Роза выплюнула это в лицо молодой иностранке, которая всегда была источником неприятностей, и вначале Люси ее не поняла. Но когда Роза повторила свой выкрик и с размаху шлепнула Люси по ширинке джинсов, все стало понятно.
— Schee!
Люси крутанулась по мраморному полу гостиной и схватилась за дверь, Роза тем временем снова выплюнула ей в лицо старое венецианское словечко.

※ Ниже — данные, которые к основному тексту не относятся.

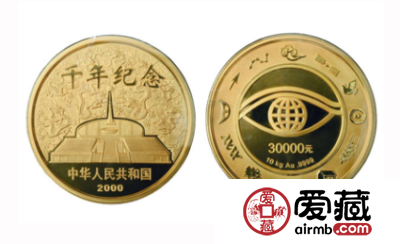 2000年千年5盎司金币设计丰富，背后意义蕴含深重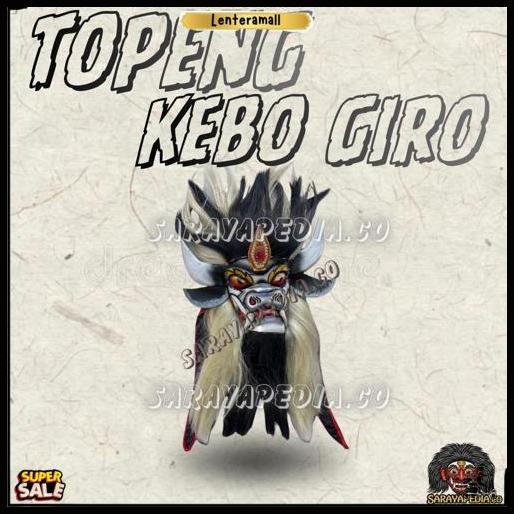 Topeng Kebo Giro Premium Topeng Pentas Sry Promo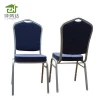 A China best supplier stacking banquet chair for hotel furniture with blue color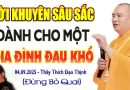 Lời Khuyên sâu sắc của Thầy dành cho một gia đình rất đau khổ – Vấn Đáp Thượng Tọa Thích Đạo Thịnh.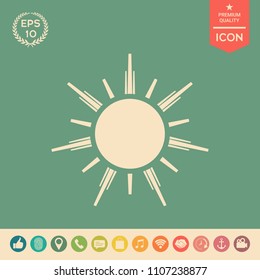 Sun icon symbol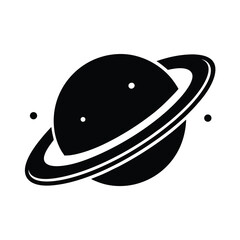 Planet Saturn Icon Vector Illustration
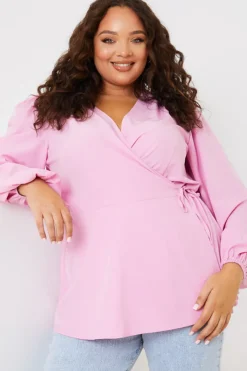 Tie Front Wrap Top|In the Style Hot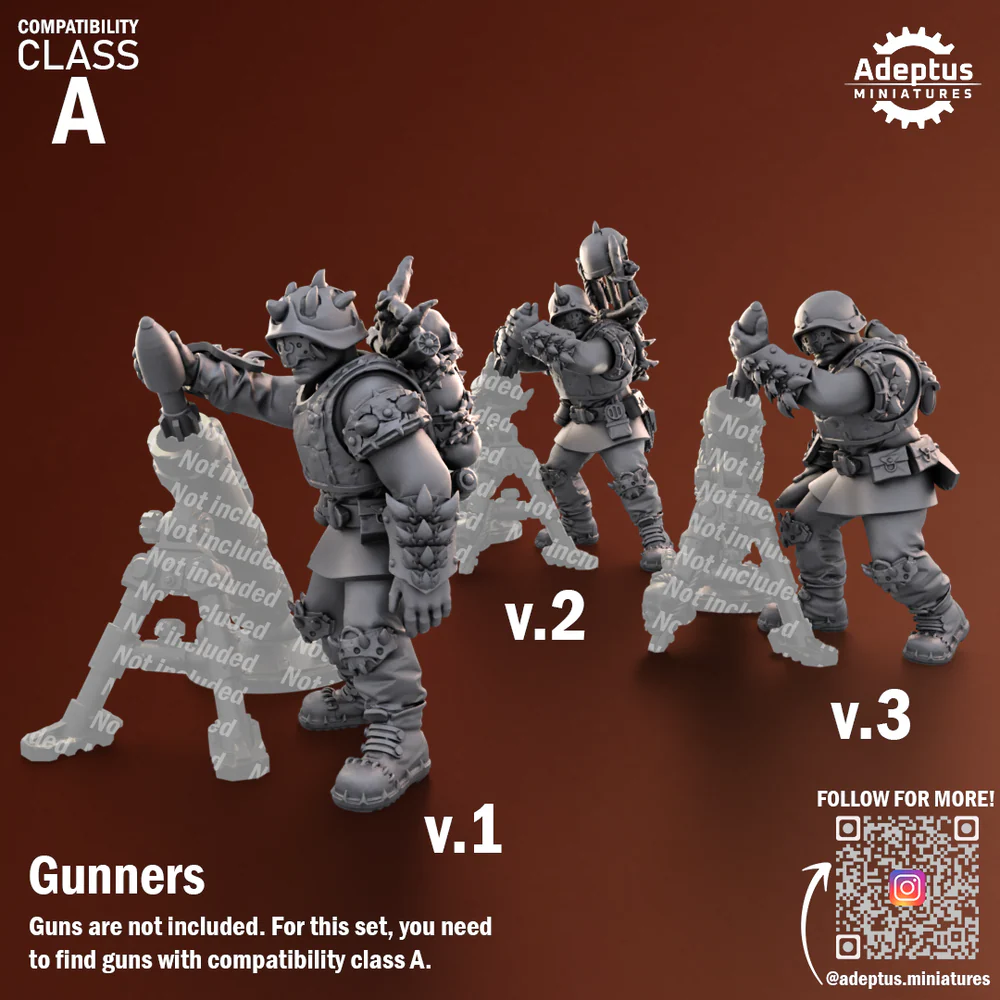 Heavy Weapons Team. Twisted Horde. Renegades and Heretics. Compatibility class A. - Image 6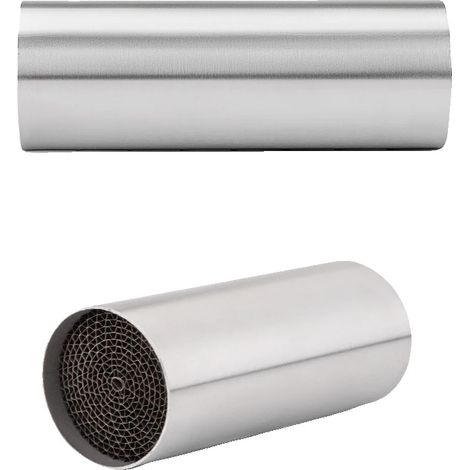 Kit de tubo de escape para motocicleta, acero inoxidable, ajuste universal, colector en D, TIPO A (1/2)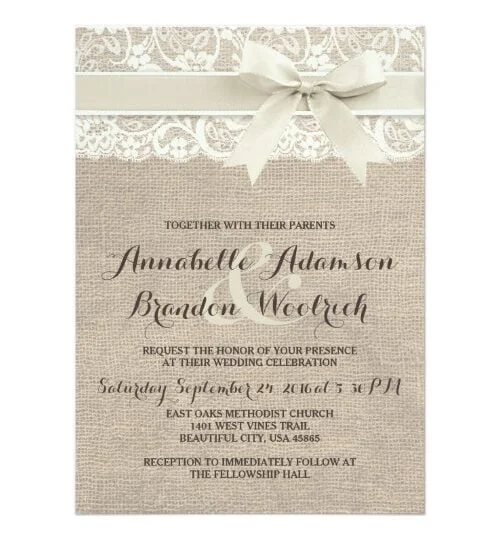 Burlap and Lace Weddings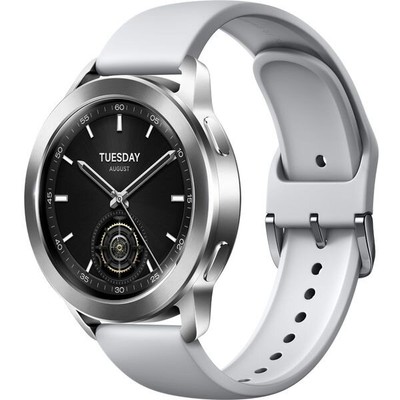 XIAOMI Watch S3 Smartwatch, GPS, Android/iOS, silber, einfaches & schönes Design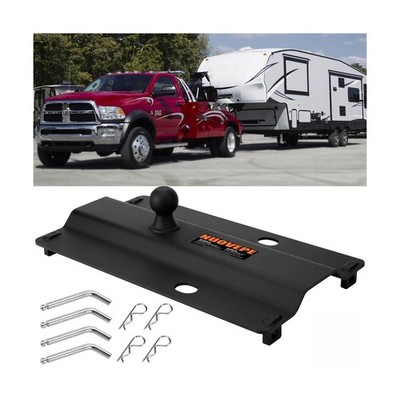 5th Wheel to Gooseneck Adapter Fits Industry-Standard 5th Wheel Rails, Goosen...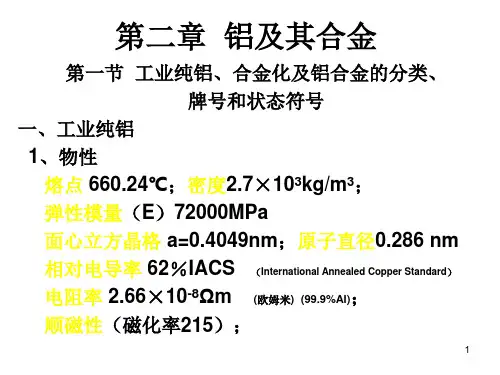 铝合金(非常经典)ppt课件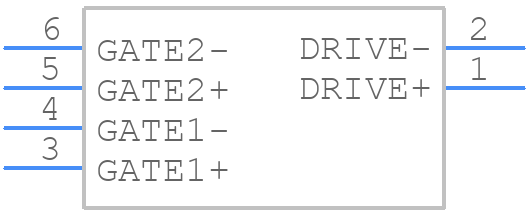GDE25-6 - Triad Magnetics - PCB symbol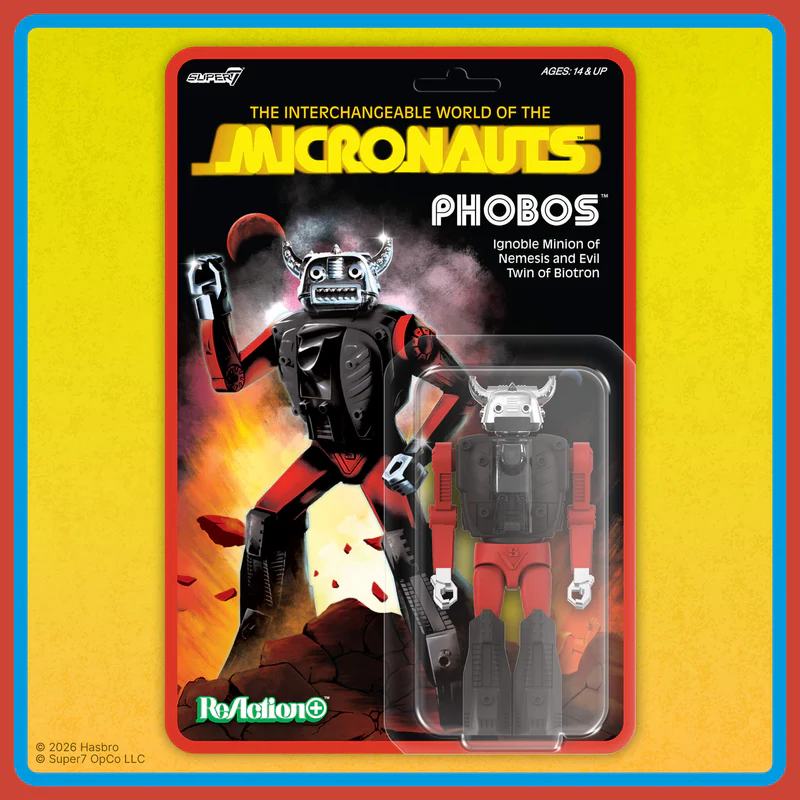 Micronauts Wave 04 Phobos Reaction+ Figure Super7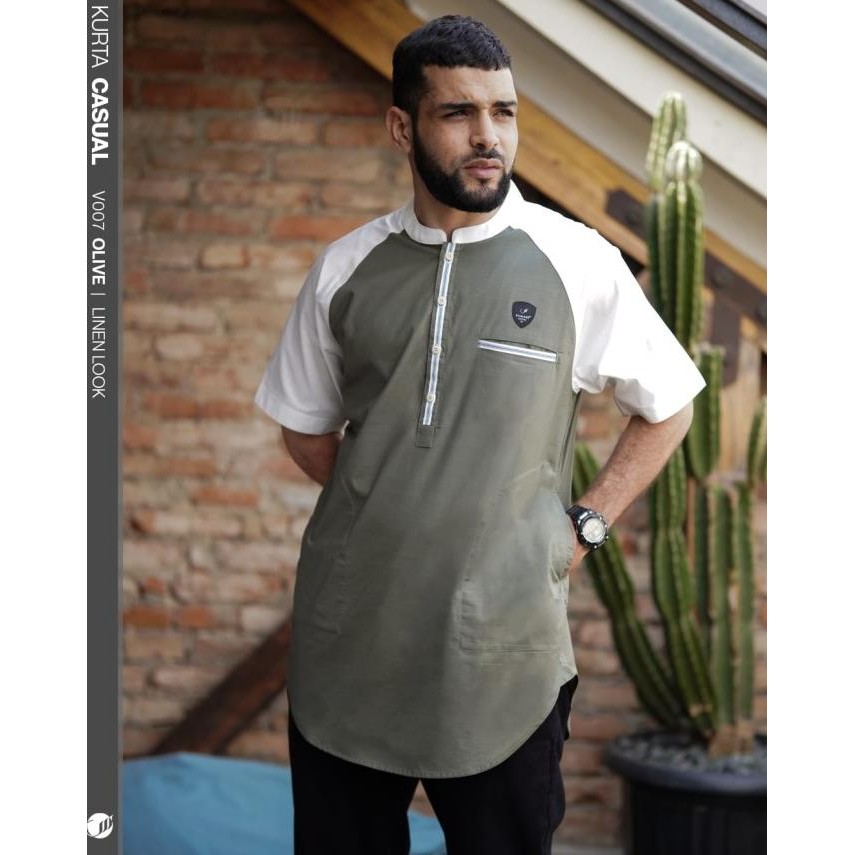 Hot Promo, Samase Kurta Raglan Lengan Pendek V007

Пока Люси убегала, ей чудился низкий, раскатистый голос Фортуни, словно бы зависший в воздухе, — его слова, самые странные, прекрасные своей непостижимостью. Скажи «нет» — и этот дом умрет. Скажи «да» — и он будет жить и дальше. Сам дом, его история и тысячелетняя традиция, в нем укрытая. Где Люси отведена роль (тут она замотала головой) не только хранилища родового семени, но и наследницы всей родовой истории, — вздрагивая от ночной прохлады, она представляла себе, что стряхивает со своих плеч этот мертвый груз, — хранилища столь же священного, как священна традиция, которую она понесет в себе, а затем передаст потомкам, чтобы все продолжалось своим чередом. История покатится по ее жизни с имперской безжалостностью, и все кончится тем, что вечный мир этого дома полностью вберет ее в себя. Прежняя мечта перестала быть ее мечтой, и самый завораживающий миф утратил свою силу. Нет. Никогда.